My father never uttered the words "Wewe ni mjinga kama mama yako" or ever state "Wacha kulia kama mwanamke." How could he? My mother managed to obtain three degrees, head a university department and raise three sons without any of them becoming the monsters many mothers of today have to contend with. Not that my father did not play his part, though it frequently seemed to consist of him handing over his wallet and praying that there is a balance for one or two down at the Masaku Bar. My father believes that men and women complement each other, in all respects they are each others equals and partners. One cannot be without the other; the rise of the one is the rise of the other. To him, I believe, the responsibility of controlling populations, if that, rests on both men and women.

Our government, our churches and other faith-based groups, and the civil society industry seem to believe that the responsibility for population control lies mainly with women.
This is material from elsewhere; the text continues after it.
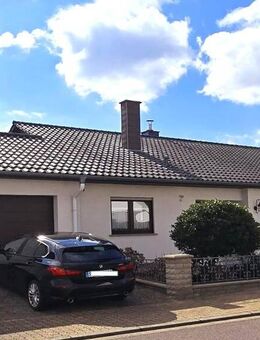 freistehender Zweifamilien-Bungalow inkl. 2 Küchen in Völklingen-Heidstock - Völklingen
This is stupid. First, it remains unclear why population control in Kenya is such a crisis. Even in the middle of a famine, the same government keeps reassuring us that the nation can feed itself; not that it has the potential to feed itself, but that it can actually feed itself. The challenges faced in this goal are related to the poor logistics infrastructure for moving produce from one part of the country to the other. So pressure on meagre agricultural resources is not a sufficient enough reason to limit each family to two children.

Second, the government also assures us that if Vision 2030 is successfully implemented, Kenya will be able to absorb the thousands of graduates being churned out of the growing number of public and private universities. The government calls for positive contributions from everyone, including working men and women. Therefore, the population bulge that Kenya is experiencing right now is not a threat; it is an opportunity for the greater economic advancement of Kenya and should be treated as such, not as a problem to be managed.

Third, all studies show that positive programmes designed to financially liberate women affect population growth trajectories. When women are educated, the higher their education means the later they have children and the fewer children they actually have. Part of the reason is that educated women are likely to have greater confidence in themselves and their place as equals in a family. Their growing financial strength also means that they can choose who their life partners will be; the education of a girl is a financial tool for her liberation, as a person and as a member of the family.

It is that third ground that lays to waste the stupid population control strategy that says condom-use, tubal ligation, vasectomies or chemical birth control should mainly be the responsibility of women. If the government is truly concerned about the effects of the growing population, it should ensure that more and more women are educated, that their education is not just limited to university but takes in all technical fields, that the policies and regulations for job creation or for encouraging entrepreneurship boost women's participation in the economy, and that men are not merely an afterthought in population control. In fact, increasing the economic and financial capacity of women is the only sensible population control strategy.